Schellnhuber: Technically speaking it's probably still just about possible. But in 10 years' time it'll probably be too late. After that, it could be that the only solution will be global carbon management, that is, the artificial removal of CO2 from the atmosphere, perhaps through reforestation of degraded areas of land or the direct filtration and permanent disposal of carbon dioxide. That's the ace up our sleeve, which we would then have to play. Incidentally, I'm convinced that in the long term we should take the atmosphere back to the cooler state that prevailed in the Neolithic Age, when humans became sedentary.
SPIEGEL: What do you mean? It seems hubristic to assume we can simply program average temperatures on the planet, as if we were dealing with an air-conditioning system. Do you really believe that human civilization will collapse if the temperature rises by more than two degrees Celsius?

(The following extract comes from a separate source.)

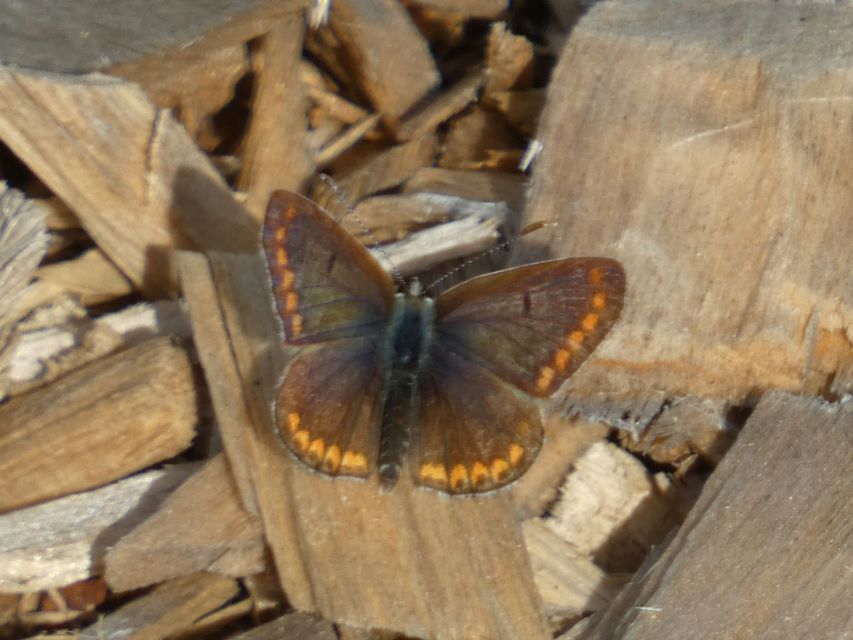 Aricia agestis - szerecsenboglárka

Schellnhuber: First of all, what's hubristic here is the way we are unscrupulously interfering with creation by burning all the fossil fuels. And of course the world won't end if temperatures go up by 2.01 degrees, let alone end suddenly. From today's scientific perspective, we could possibly live with a warming of two to three degrees. But that range should be the extent of it, because greater increases in temperature would trigger uncontrollable processes, leading to sudden and irreversible changes in ice sheets and continental ecosystems. The overwhelming majority of climatologists assume that a global temperature rise of four degrees would be an immensely dangerous route that we should avoid at all costs.

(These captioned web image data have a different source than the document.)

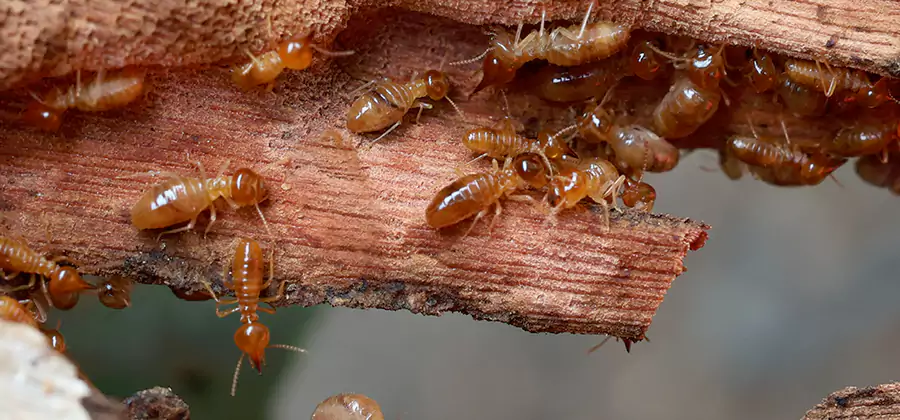 Perimeter Soil Termite Treatment in Wayne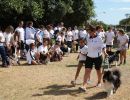 trofeo coni agility dog sfe08842 simone ferraro ph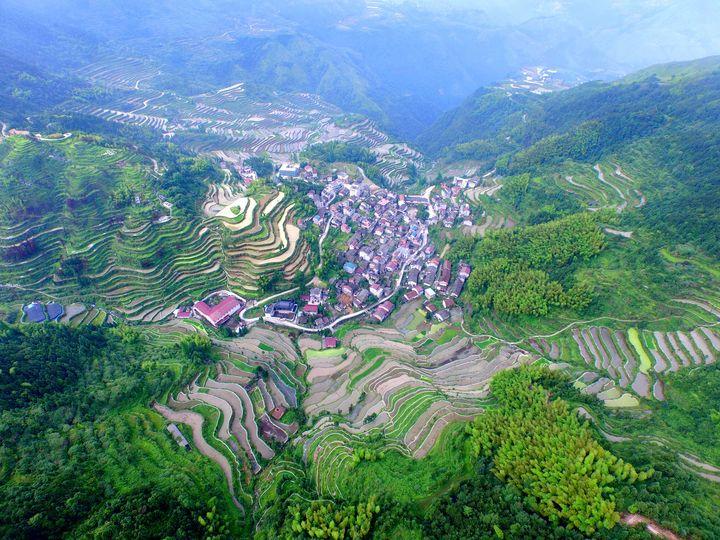 青田县小舟山乡丨如何下活青田小舟山这盘乡村旅游的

SPIEGEL: Why then have you, as one of the creators of the two-degree target, imposed such a magical limit to which all countries must slavishly adhere?
Schellnhuber: Politicians like to have clear targets, and a simple number is easier to handle than a complex temperature range. Besides, it was important to introduce a quantitative orientation in the first place, which the 1992 Framework Convention on Climate Change managed to elegantly wangle its way out of. And let's be honest: Even if we aim for the two-degree target, we'll end up somewhat higher. Whenever there's a speed limit, most drivers tend to go a little faster.
SPIEGEL: At the climate summit in Copenhagen, the prevailing impression was that the most important countries don't want any fixed rules at all.
Schellnhuber: It's true that the big picture remains unclear. For the time being, there will certainly be no substantial treaty among all 194 signatories to the convention. That's why we have to pin our hopes on smaller alliances for now, such as between the European Union and Brazil. What's happening in Brazil is unbelievable. In 20 or 30 years, they could meet all of their energy needs from renewable resources. Perhaps we'll all be driving with sustainable biofuel from Brazil soon. And such bilateral projects will certainly help set the unwieldy behemoth that is the global climate treaty into motion.
SPIEGEL: Which countries do you believe are best suited to bringing about a total rebuilding of industrial society?
Schellnhuber: Ultimately only democratic societies will be able to master this challenge, notwithstanding their torturous decision-marking processes. But to get there perhaps we'll need innovative refinement of our democratic institutions. I could imagine assigning 10 percent of all seats in parliament to ombudsmen who represent only the interests of future generations.
SPIEGEL: Mr. Schellnhuber, thank you for this interview.